In what follows
$(\Omega ,\mathcal F, \mathbb P)$ is a probability space,
$X$ is a random variable defined on $\Omega $,
$\mathcal G\subseteq \mathcal F$ is a sub-$\sigma $-algebra generated by a countable partition $\{A_i\}_{i\in I}$
of $\Omega $, formed by $\mathcal F$-measurable sets.
The first thing to bear in mind is that
the conditional expectation $\mathbb E_{\mathbb P}(X|\mathcal G)$ is another random
variable (rather than just a number). Since random variables are nothing but functions defined on $\Omega $,
the notation
$$
\mathbb E_{\mathbb P}(X|\mathcal G)(\omega )
$$
makes perfect sense as it indicates the value taken by the function
$\mathbb E_{\mathbb P}(X|\mathcal G)$ on a given point $\omega $ of $\Omega $.
The second important point is that $\mathbb E_{\mathbb P}(X|\mathcal G)$ is constant on every set $A_i$
(although its constant value may change among the various $A_i$).
By the definition of
conditional expectation, the constant value taken on $A_i$ by $\mathbb E_{\mathbb P}(X|\mathcal G)$ is
the expected value of $X$ on $A_i$, namely
$$
\mathbb E_{\mathbb P}(X|A_i ) := \frac {\mathbb E_{\mathbb P}(X1_{A_i} )}{\mathbb P(A_i)}.
$$
Denoting the above expected value simply by $e_i$, the question is how should we express the function which
is supposed to take on the value $e_i$ on $A_i$. I guess the best way to do this is simply to write
$$
\sum_{i\in I}e_i1_{A_i},
\tag 1
$$
observing that if $\omega $ lies in some $A_j$, then $1_{A_i}(\omega )$ vanishes for every $i$, except for $i=j$, in
which case $1_{A_i}(\omega )=1$, so the above sum comes out as $e_j$, which is precisely what we expect.

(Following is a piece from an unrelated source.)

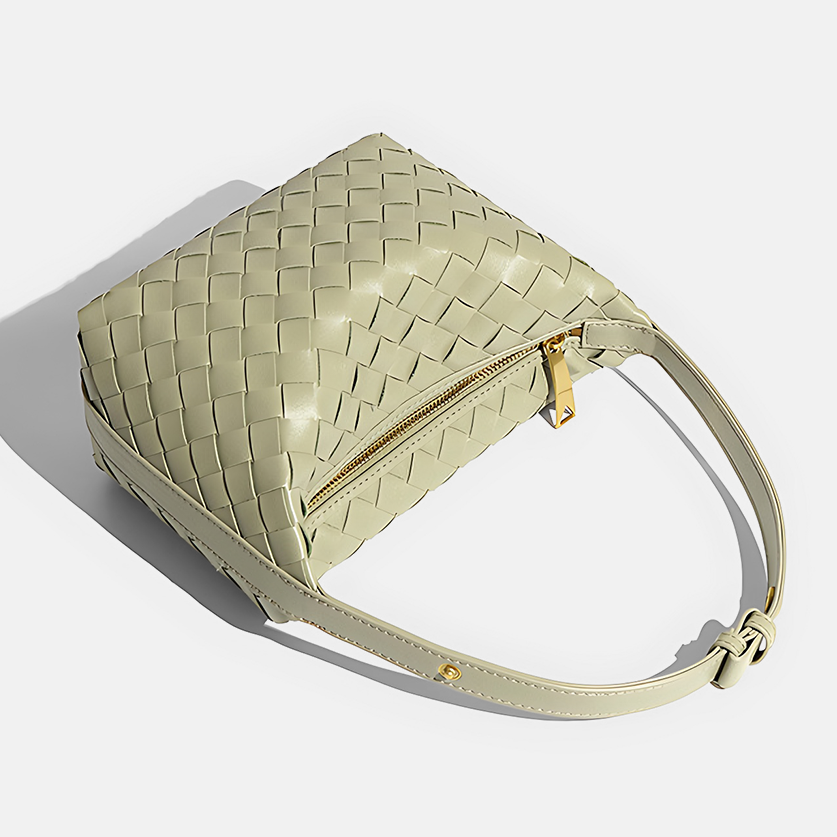 Siena Woven Hobo Bag-flat view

Notice that there is no $\omega $ in expression (1) for the same reason many people consider it
incorrect to say
"consider the function $\sin(x)$"
In fact, the function is called simply "$\sin$", whereas "$\sin(x)$" is meant to denote the value
of the function $\sin$ at the given real number $x$.
According to this we therefore have that
$$
\mathbb E_{\mathbb P}(X|\mathcal G)= \sum_{i\in I}e_i1_{A_i},
\tag 2
$$
which, upon substituting the appropriate value for $e_i$, is exactly what the OP writes in the first question.

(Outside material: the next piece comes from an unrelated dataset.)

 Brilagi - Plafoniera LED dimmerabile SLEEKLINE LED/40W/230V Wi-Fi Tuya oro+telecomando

If we want to explicitly indicate the dependency of these functions on a variable $\omega $, I'd write
$$
\mathbb E_{\mathbb P}(X|\mathcal G) (\omega ) = \sum_{i\in I}e_i1_{A_i}(\omega ), \quad\forall \omega \in \Omega ,
\tag 3
$$
noticing that now $\omega $ shows up on both sides.
On the down side, I believe mixing the LHS of (3) with the RHS of (2) is incorrect so I agree 100%
with the OP that their second formula is preferable over the first one.
Regarding the OP's second question, I see a problem in the sense that
$$
\mathbb{E}_\mathbb{P}(X|\mathcal{G})
$$
is supposed to be a random variable, as already discussed, while
$$
\sum_{i\in I}\mathbb{E}_\mathbb{P}(X|A_i)
$$
strikes me as a number.
Inserting the missing $1_{A_i}$ on the last expression would make it a function, which is more in line
with the functional nature of the conditional expectation.
The sigma algebra generated by $(\frac {j-1} n, \frac j n], 1\leq j \leq n$ is simply the collection of all possible unions of these intervals. [This fact is true for sigma algebra generated by any countable partition of $\Omega$]. To verify that the formula given in the example for $E(X|G)$ works you only have to verify that $\int_A XdP=\int E(X|G)dP$ when $A$ is one of these intervals (because, then, it will hold for all possible unions of these intervals also). But when $A$ is one of these intervals the verification is very simple.
If $X(\omega)=\omega^{2}$ then $E(X|G)$ is the r.v. which has the constant value $\frac 1 3((\frac j n)^{2}-(\frac {j-1} n)^{2})$ on the interval $(\frac {j-1} n, \frac j n]$ for $i \leq j \leq n$.
Best Answer
To begin with, it is worth making some comments. Given a probability space $(\Omega,\mathcal{U},\textbf{P})$, we can think of $\mathcal{U}$ as the information we have at hand related to the random phenomenon we are interested in. More precisely, the $\sigma$-algebra $\mathcal{U}$ tells us what are the events that we can observe the occurrence of. So, when one considers a sub-$\sigma$-algebra $\mathcal{V}\subseteq\mathcal{U}$, we are restricting the information about the random phenomenon we are studying.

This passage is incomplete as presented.